A Rimini la presenza ebraica è attestata fin dall’XI secolo. Un mestiere molto praticato era quello degli stracciaroli; gli stracci difatti servivano per la fabbricazione della carta.
Fra il 1520 e il 1527, nella cittadina romagnola viene a stampare libri Gerolamo Soncino, il più grande stampatore ebreo di tutti i tempi.
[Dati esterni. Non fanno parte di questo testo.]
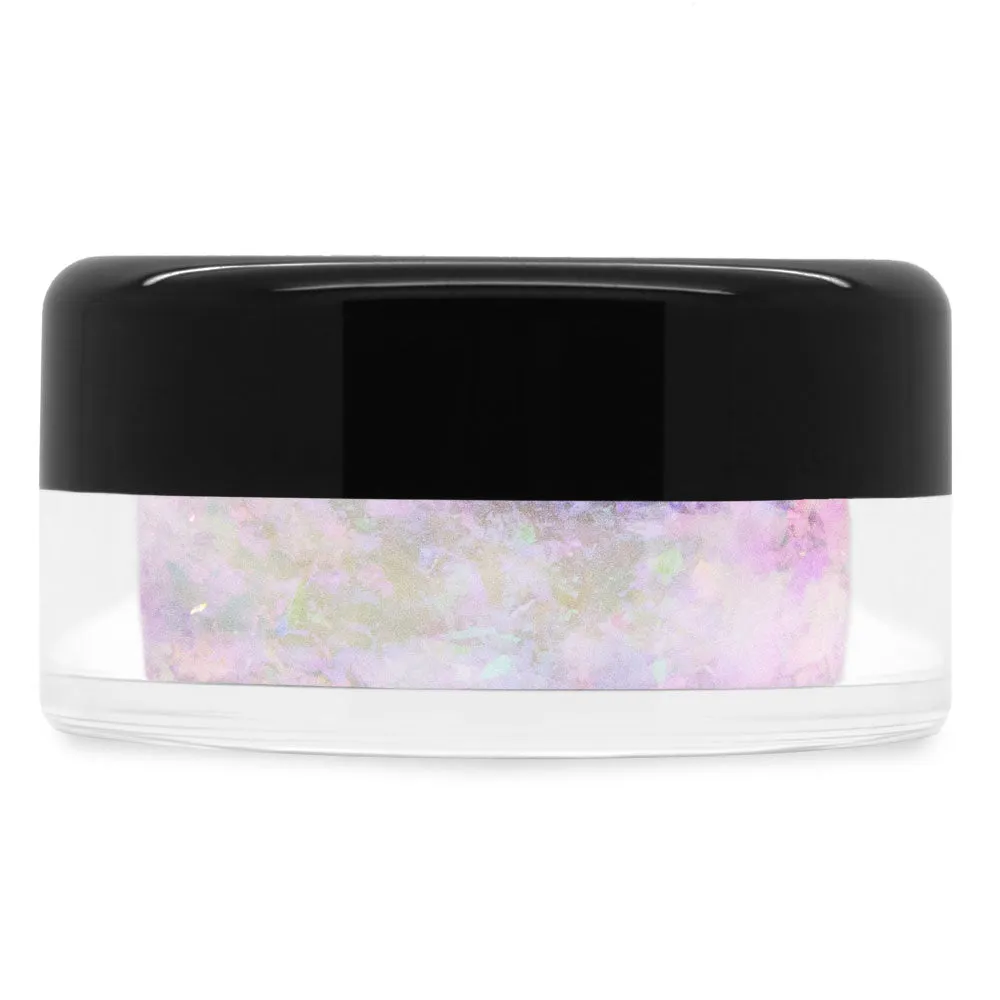 Iz Beauty Interstellar nagelflakes krom blå lila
Ha conosciuto Aldo Manuzio a Venezia e ha lavorato in Lombardia, Abruzzo e Marche.
All’inizio di marzo 1555 si ritrovano proprio a Rimini i rappresentanti delle comunità ebraiche della Romagna, per mandare una rappresentanza a Roma e discutere dei loro problemi con il papa Giulio III.
Il pontefice, però, muore dopo quindici giorni, il successore Marcello II dura appena un mese ed quando viene eletto Paolo IV Carafa, nel luglio del 1555, ordina che nello Stato della Chiesa gli ebrei siano confinati nei ghetti.
A Rimini viene creato un ghetto nella zona che va dall’inizio di via Bonsi, che allora si chiamava contrada Sant’Andrea, fino a Sant’Onofrio, presso la Porta Montanara che, con Porta Romana o Arco d’Augusto, Porta Gallia al Ponte di Tiberio e Porta Marina verso il mare, racchiude l’antico castrum di epoca romana.
Nel 1569 gli ebrei sono espulsi dallo Stato della Chiesa, tornano nel 1589, per essere poi definitivamente espulsi da tutte le città nel 1593.
Una cronaca del 1615 secondo cita una rivolta della popolazione che avrebbe portato al definitivo allontanamento degli ebrei resilienti.
Intorno al 1760 nella zona del Tempio Malatestiano viene trovata una lapide -ora presso il Museo civico Tonini- che conferma l’inaugurazione nel 1510 di una nuova sinagoga.
Si può parlare infatti di comunità ebraica quanto c’è una sinagoga, un cimitero e un ghetto.